**To do:**
Please print each record exactly, omitting none of them.

**Information:**
Content starts

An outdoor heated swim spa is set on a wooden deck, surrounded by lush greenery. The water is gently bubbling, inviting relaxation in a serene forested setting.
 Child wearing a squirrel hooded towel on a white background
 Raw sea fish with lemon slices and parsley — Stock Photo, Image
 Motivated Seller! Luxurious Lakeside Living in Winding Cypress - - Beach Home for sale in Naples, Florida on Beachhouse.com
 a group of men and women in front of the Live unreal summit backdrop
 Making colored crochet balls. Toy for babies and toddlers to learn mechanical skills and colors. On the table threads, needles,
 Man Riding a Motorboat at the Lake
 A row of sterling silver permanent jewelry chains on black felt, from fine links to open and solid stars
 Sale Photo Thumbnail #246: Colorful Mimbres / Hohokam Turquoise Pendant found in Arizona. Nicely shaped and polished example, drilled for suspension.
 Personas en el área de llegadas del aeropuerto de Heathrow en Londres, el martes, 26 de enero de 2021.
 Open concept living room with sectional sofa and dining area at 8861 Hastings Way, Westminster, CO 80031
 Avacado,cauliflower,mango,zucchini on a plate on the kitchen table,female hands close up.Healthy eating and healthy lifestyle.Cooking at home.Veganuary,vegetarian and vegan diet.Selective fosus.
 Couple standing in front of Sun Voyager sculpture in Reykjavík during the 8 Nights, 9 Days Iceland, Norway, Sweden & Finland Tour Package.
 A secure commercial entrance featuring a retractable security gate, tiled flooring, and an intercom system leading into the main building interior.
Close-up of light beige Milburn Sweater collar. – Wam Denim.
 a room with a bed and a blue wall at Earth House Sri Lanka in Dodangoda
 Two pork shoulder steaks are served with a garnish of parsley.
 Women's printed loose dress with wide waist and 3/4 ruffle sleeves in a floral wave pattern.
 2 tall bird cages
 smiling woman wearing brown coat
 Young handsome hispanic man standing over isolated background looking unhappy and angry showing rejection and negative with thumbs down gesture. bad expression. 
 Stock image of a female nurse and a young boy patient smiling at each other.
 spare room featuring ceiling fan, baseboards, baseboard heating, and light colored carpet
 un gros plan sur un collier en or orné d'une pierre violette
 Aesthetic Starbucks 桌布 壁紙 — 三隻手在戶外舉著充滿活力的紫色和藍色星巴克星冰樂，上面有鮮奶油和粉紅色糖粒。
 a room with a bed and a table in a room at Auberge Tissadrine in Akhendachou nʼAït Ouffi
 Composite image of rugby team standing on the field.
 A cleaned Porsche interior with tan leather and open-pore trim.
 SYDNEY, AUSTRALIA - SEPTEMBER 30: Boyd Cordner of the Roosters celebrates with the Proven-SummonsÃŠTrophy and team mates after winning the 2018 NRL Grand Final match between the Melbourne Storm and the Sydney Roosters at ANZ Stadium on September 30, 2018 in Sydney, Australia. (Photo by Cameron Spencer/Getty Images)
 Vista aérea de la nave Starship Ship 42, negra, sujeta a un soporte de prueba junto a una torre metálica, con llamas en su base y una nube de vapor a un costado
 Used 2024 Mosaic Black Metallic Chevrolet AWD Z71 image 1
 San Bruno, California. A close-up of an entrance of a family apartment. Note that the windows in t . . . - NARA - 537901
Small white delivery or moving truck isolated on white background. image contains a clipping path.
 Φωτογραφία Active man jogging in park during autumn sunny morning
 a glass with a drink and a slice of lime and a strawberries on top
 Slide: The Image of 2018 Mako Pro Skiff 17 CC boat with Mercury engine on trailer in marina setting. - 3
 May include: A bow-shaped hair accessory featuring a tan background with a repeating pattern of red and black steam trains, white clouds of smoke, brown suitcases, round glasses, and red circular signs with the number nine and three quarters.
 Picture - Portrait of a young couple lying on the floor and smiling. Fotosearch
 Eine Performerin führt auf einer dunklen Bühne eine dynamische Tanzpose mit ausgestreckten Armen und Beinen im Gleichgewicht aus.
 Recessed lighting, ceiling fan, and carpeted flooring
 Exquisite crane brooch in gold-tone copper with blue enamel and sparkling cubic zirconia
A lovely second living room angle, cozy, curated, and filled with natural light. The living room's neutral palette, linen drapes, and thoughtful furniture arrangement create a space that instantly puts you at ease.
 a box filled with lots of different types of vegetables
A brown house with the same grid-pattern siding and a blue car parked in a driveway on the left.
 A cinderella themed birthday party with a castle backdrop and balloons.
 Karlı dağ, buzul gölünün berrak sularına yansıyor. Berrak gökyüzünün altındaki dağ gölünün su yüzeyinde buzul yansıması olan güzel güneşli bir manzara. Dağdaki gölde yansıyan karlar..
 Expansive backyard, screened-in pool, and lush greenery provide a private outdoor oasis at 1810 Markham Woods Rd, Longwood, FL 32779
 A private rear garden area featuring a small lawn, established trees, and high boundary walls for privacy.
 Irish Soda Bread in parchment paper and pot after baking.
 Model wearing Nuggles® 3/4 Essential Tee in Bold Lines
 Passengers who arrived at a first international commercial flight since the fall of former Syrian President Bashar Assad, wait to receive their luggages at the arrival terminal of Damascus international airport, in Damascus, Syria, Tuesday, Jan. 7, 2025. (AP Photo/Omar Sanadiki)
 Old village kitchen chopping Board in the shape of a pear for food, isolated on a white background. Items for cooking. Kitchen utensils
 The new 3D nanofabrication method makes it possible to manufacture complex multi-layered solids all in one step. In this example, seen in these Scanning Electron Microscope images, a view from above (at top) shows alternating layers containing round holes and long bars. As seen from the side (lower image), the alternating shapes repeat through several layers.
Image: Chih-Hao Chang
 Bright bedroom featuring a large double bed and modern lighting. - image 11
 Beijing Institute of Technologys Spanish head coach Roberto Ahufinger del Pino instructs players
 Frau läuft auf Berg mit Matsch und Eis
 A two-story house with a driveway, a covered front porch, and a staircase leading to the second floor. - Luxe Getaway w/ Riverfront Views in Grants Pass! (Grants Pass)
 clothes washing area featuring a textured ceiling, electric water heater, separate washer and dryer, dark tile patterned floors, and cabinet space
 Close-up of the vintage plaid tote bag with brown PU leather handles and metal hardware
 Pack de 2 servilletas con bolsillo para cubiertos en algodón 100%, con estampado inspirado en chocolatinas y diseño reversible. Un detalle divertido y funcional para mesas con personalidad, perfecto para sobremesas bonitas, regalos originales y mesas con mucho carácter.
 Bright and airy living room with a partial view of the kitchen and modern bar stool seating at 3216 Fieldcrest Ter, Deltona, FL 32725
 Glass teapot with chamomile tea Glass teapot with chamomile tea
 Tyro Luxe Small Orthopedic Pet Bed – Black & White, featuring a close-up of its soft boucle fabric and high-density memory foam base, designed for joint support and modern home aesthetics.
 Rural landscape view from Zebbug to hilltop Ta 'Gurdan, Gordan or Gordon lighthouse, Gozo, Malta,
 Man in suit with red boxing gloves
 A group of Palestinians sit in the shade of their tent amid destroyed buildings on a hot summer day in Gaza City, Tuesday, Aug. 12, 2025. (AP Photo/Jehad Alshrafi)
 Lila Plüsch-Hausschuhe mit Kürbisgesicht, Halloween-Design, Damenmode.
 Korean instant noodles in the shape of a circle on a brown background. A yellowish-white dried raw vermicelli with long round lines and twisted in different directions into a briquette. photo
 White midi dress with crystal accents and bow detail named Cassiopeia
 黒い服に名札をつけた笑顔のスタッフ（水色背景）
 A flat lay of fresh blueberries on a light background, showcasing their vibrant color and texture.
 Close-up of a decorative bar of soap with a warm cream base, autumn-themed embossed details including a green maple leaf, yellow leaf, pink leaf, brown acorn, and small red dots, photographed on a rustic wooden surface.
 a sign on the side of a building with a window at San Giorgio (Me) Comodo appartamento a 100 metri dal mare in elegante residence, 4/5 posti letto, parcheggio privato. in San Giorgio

Content ends

**Final answer:**
An outdoor heated swim spa is set on a wooden deck, surrounded by lush greenery. The water is gently bubbling, inviting relaxation in a serene forested setting.
 Child wearing a squirrel hooded towel on a white background
 Raw sea fish with lemon slices and parsley — Stock Photo, Image
 Motivated Seller! Luxurious Lakeside Living in Winding Cypress - - Beach Home for sale in Naples, Florida on Beachhouse.com
 a group of men and women in front of the Live unreal summit backdrop
 Making colored crochet balls. Toy for babies and toddlers to learn mechanical skills and colors. On the table threads, needles,
 Man Riding a Motorboat at the Lake
 A row of sterling silver permanent jewelry chains on black felt, from fine links to open and solid stars
 Sale Photo Thumbnail #246: Colorful Mimbres / Hohokam Turquoise Pendant found in Arizona. Nicely shaped and polished example, drilled for suspension.
 Personas en el área de llegadas del aeropuerto de Heathrow en Londres, el martes, 26 de enero de 2021.
 Open concept living room with sectional sofa and dining area at 8861 Hastings Way, Westminster, CO 80031
 Avacado,cauliflower,mango,zucchini on a plate on the kitchen table,female hands close up.Healthy eating and healthy lifestyle.Cooking at home.Veganuary,vegetarian and vegan diet.Selective fosus.
 Couple standing in front of Sun Voyager sculpture in Reykjavík during the 8 Nights, 9 Days Iceland, Norway, Sweden & Finland Tour Package.
 A secure commercial entrance featuring a retractable security gate, tiled flooring, and an intercom system leading into the main building interior.
Close-up of light beige Milburn Sweater collar. – Wam Denim.
 a room with a bed and a blue wall at Earth House Sri Lanka in Dodangoda
 Two pork shoulder steaks are served with a garnish of parsley.
 Women's printed loose dress with wide waist and 3/4 ruffle sleeves in a floral wave pattern.
 2 tall bird cages
 smiling woman wearing brown coat
 Young handsome hispanic man standing over isolated background looking unhappy and angry showing rejection and negative with thumbs down gesture. bad expression. 
 Stock image of a female nurse and a young boy patient smiling at each other.
 spare room featuring ceiling fan, baseboards, baseboard heating, and light colored carpet
 un gros plan sur un collier en or orné d'une pierre violette
 Aesthetic Starbucks 桌布 壁紙 — 三隻手在戶外舉著充滿活力的紫色和藍色星巴克星冰樂，上面有鮮奶油和粉紅色糖粒。
 a room with a bed and a table in a room at Auberge Tissadrine in Akhendachou nʼAït Ouffi
 Composite image of rugby team standing on the field.
 A cleaned Porsche interior with tan leather and open-pore trim.
 SYDNEY, AUSTRALIA - SEPTEMBER 30: Boyd Cordner of the Roosters celebrates with the Proven-SummonsÃŠTrophy and team mates after winning the 2018 NRL Grand Final match between the Melbourne Storm and the Sydney Roosters at ANZ Stadium on September 30, 2018 in Sydney, Australia. (Photo by Cameron Spencer/Getty Images)
 Vista aérea de la nave Starship Ship 42, negra, sujeta a un soporte de prueba junto a una torre metálica, con llamas en su base y una nube de vapor a un costado
 Used 2024 Mosaic Black Metallic Chevrolet AWD Z71 image 1
 San Bruno, California. A close-up of an entrance of a family apartment. Note that the windows in t . . . - NARA - 537901
Small white delivery or moving truck isolated on white background. image contains a clipping path.
 Φωτογραφία Active man jogging in park during autumn sunny morning
 a glass with a drink and a slice of lime and a strawberries on top
 Slide: The Image of 2018 Mako Pro Skiff 17 CC boat with Mercury engine on trailer in marina setting. - 3
 May include: A bow-shaped hair accessory featuring a tan background with a repeating pattern of red and black steam trains, white clouds of smoke, brown suitcases, round glasses, and red circular signs with the number nine and three quarters.
 Picture - Portrait of a young couple lying on the floor and smiling. Fotosearch
 Eine Performerin führt auf einer dunklen Bühne eine dynamische Tanzpose mit ausgestreckten Armen und Beinen im Gleichgewicht aus.
 Recessed lighting, ceiling fan, and carpeted flooring
 Exquisite crane brooch in gold-tone copper with blue enamel and sparkling cubic zirconia
A lovely second living room angle, cozy, curated, and filled with natural light. The living room's neutral palette, linen drapes, and thoughtful furniture arrangement create a space that instantly puts you at ease.
 a box filled with lots of different types of vegetables
A brown house with the same grid-pattern siding and a blue car parked in a driveway on the left.
 A cinderella themed birthday party with a castle backdrop and balloons.
 Karlı dağ, buzul gölünün berrak sularına yansıyor. Berrak gökyüzünün altındaki dağ gölünün su yüzeyinde buzul yansıması olan güzel güneşli bir manzara. Dağdaki gölde yansıyan karlar..
 Expansive backyard, screened-in pool, and lush greenery provide a private outdoor oasis at 1810 Markham Woods Rd, Longwood, FL 32779
 A private rear garden area featuring a small lawn, established trees, and high boundary walls for privacy.
 Irish Soda Bread in parchment paper and pot after baking.
 Model wearing Nuggles® 3/4 Essential Tee in Bold Lines
 Passengers who arrived at a first international commercial flight since the fall of former Syrian President Bashar Assad, wait to receive their luggages at the arrival terminal of Damascus international airport, in Damascus, Syria, Tuesday, Jan. 7, 2025. (AP Photo/Omar Sanadiki)
 Old village kitchen chopping Board in the shape of a pear for food, isolated on a white background. Items for cooking. Kitchen utensils
 The new 3D nanofabrication method makes it possible to manufacture complex multi-layered solids all in one step. In this example, seen in these Scanning Electron Microscope images, a view from above (at top) shows alternating layers containing round holes and long bars. As seen from the side (lower image), the alternating shapes repeat through several layers.
Image: Chih-Hao Chang
 Bright bedroom featuring a large double bed and modern lighting. - image 11
 Beijing Institute of Technologys Spanish head coach Roberto Ahufinger del Pino instructs players
 Frau läuft auf Berg mit Matsch und Eis
 A two-story house with a driveway, a covered front porch, and a staircase leading to the second floor. - Luxe Getaway w/ Riverfront Views in Grants Pass! (Grants Pass)
 clothes washing area featuring a textured ceiling, electric water heater, separate washer and dryer, dark tile patterned floors, and cabinet space
 Close-up of the vintage plaid tote bag with brown PU leather handles and metal hardware
 Pack de 2 servilletas con bolsillo para cubiertos en algodón 100%, con estampado inspirado en chocolatinas y diseño reversible. Un detalle divertido y funcional para mesas con personalidad, perfecto para sobremesas bonitas, regalos originales y mesas con mucho carácter.
 Bright and airy living room with a partial view of the kitchen and modern bar stool seating at 3216 Fieldcrest Ter, Deltona, FL 32725
 Glass teapot with chamomile tea Glass teapot with chamomile tea
 Tyro Luxe Small Orthopedic Pet Bed – Black & White, featuring a close-up of its soft boucle fabric and high-density memory foam base, designed for joint support and modern home aesthetics.
 Rural landscape view from Zebbug to hilltop Ta 'Gurdan, Gordan or Gordon lighthouse, Gozo, Malta,
 Man in suit with red boxing gloves
 A group of Palestinians sit in the shade of their tent amid destroyed buildings on a hot summer day in Gaza City, Tuesday, Aug. 12, 2025. (AP Photo/Jehad Alshrafi)
 Lila Plüsch-Hausschuhe mit Kürbisgesicht, Halloween-Design, Damenmode.
 Korean instant noodles in the shape of a circle on a brown background. A yellowish-white dried raw vermicelli with long round lines and twisted in different directions into a briquette. photo
 White midi dress with crystal accents and bow detail named Cassiopeia
 黒い服に名札をつけた笑顔のスタッフ（水色背景）
 A flat lay of fresh blueberries on a light background, showcasing their vibrant color and texture.
 Close-up of a decorative bar of soap with a warm cream base, autumn-themed embossed details including a green maple leaf, yellow leaf, pink leaf, brown acorn, and small red dots, photographed on a rustic wooden surface.
 a sign on the side of a building with a window at San Giorgio (Me) Comodo appartamento a 100 metri dal mare in elegante residence, 4/5 posti letto, parcheggio privato. in San Giorgio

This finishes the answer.